MR SPENCER: Again your Lordship will have seen from Miss Freeman's statement we do what we can, whether it is from the statutory authorities or whether it is from the local authorities where we know they will provide information from the register in respect of rate payers. So, whatever is open to us we try to assist, and that will continue to be the position.
MR JUSTICE MOSES: Yes, thank you very much indeed.
MR SPENCER: My Lord, can I just raise one final issue?
MR JUSTICE MOSES: Yes.
MR SPENCER: A schedule of costs has not been sent into the court, and there is not a final version of one available to the court today. Durham has been put to some expense --
MR JUSTICE MOSES: Who are you seeking costs from?
MR SPENCER: The North Durham Justices.
MR JUSTICE MOSES: Are you able to get costs from the magistrates?

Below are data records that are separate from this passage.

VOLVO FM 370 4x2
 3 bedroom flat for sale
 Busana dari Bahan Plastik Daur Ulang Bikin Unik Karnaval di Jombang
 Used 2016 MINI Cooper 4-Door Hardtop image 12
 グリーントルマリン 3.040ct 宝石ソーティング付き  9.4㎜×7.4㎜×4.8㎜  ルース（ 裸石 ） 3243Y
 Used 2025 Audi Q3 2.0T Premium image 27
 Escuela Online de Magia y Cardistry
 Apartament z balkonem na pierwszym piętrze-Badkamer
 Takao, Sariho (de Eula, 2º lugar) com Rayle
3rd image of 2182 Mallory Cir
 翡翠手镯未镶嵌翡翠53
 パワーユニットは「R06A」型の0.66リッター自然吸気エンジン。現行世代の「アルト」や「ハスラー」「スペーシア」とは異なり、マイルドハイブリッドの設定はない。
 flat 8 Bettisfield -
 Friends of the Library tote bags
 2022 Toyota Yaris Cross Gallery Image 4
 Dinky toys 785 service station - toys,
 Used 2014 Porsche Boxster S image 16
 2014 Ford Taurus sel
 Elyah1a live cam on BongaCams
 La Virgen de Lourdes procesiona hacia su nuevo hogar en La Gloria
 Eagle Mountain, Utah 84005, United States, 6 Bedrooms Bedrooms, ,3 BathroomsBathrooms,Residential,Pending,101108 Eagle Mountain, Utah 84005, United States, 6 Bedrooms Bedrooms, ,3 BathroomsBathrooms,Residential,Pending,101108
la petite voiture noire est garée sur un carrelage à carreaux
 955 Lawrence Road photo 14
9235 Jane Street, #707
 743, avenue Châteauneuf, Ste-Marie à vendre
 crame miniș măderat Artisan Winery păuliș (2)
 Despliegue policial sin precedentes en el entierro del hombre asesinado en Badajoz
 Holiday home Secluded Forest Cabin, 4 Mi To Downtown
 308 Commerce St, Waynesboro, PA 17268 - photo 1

MR JUSTICE LEVESON: Particularly where they do not appear.
MR JUSTICE MOSES: If it was a case stated you could not.
MR SPENCER: My Lord, in these circumstances we would say that it is appropriate for us to obtain our costs. They could have, in light of being served once with a case stated and then after Collins J's order with the claim form, they could have agreed by consent to our application. So, as a result of that, we have been put to expense that we should --
MR JUSTICE MOSES: What we propose is to give you your costs of the judicial review proceedings.
MR SPENCER: Thank you.
MR JUSTICE MOSES: But to say that the magistrates, the North Durham Justices, have 14 days in which to argue about any costs. If they do not then that order will be final. If they do wish to, within 14 days they should notify you and the court and send written submissions. Then you can reply within 7 days of receiving those submissions as to costs and then we will determine it in writing. We will not give a great long judgment, but we will consider the submissions and reach a conclusion as to costs on writing if they wish to protest.
MR JUSTICE LEVESON: That is both as to principle and amount, of course.
MR JUSTICE MOSES: We do not have a schedule so we are not making any -- have you a schedule?
MR SPENCER: There is no final schedule today that I can --
MR JUSTICE MOSES: But you will produce one, will you?
MR SPENCER: I will produce one, my Lord, yes.
MR JUSTICE MOSES: You better make sure they have it.
MR SPENCER: That will be done, thank you.
MR JUSTICE MOSES: Yes, thank you. You better produce that schedule -- if they only have 14 days, how long do you need to produce that schedule?
MR SPENCER: It will be done within 2 days at the latest.
MR JUSTICE MOSES: Yes, 48 hours. Yes, thank you.